My brow furrowed before I could catch it. They weren’t really going to send her back to the shelter, were they? I’d thought the plan was to find her a nice yearlong version of this place, someplace strict and rigorous and long-term, and transfer her there directly. Someplace where we could talk on the phone, and I could come see her once every few weeks on visiting day, and somebody else would be taking care of her daily emotional needs.
I
couldn’t do it; I shouldn’t have even tried, and I wasn’t game to try again. The past few weeks away from her had shown me how much I’d needed a break, how ill-equipped I was to minister to someone full-time. I might have been jealous of Sam’s counselor Maria, but I didn’t envy her.

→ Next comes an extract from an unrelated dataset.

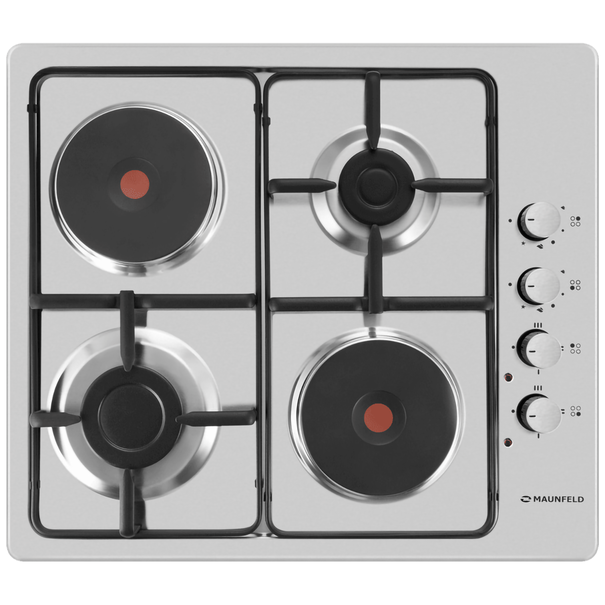 Комбинированная варочная панель MAUNFELD EEHS.64.5E /KG (Нержавеющая сталь)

“Will this place help you find a halfway house?”

“Well, Maria’s working on it, and so’s Jodi—I’ve spoken to her a few times. I’ll probably have to go back to the shelter for a little while, probably a week or two, and then they should be able to get me into another program.” She frowned. “It sucks, though. This is the first time I been sober this long since…since I can remember, barely. Since I was a kid. When I leave, I’ll have thirty days sober. I don’t want to mess that up.”

“We’ll all be there to help you,” I promised.

She wanted to show me her drawings, so she ran to her room while I waited, trying to eavesdrop on the conversations around me: “So I had to get rid of the credit cards.” “You’re telling me they only give you decaf here?”

Sam sat down again and unrolled the sheaf of smudged pages: a desert sunset, reds and pinks and purples and blues, hand-blended and thumbprinted, with a black cactus in the foreground. A self-portrait of Sam on a skateboard, jumping off the loading dock at the shelter. The head of a wolflike dog, snarling, on the same page as a handgun. A self-portrait of Sam sitting against a tombstone, her arms folded over her head, with a thought bubble: a razor dripping blood.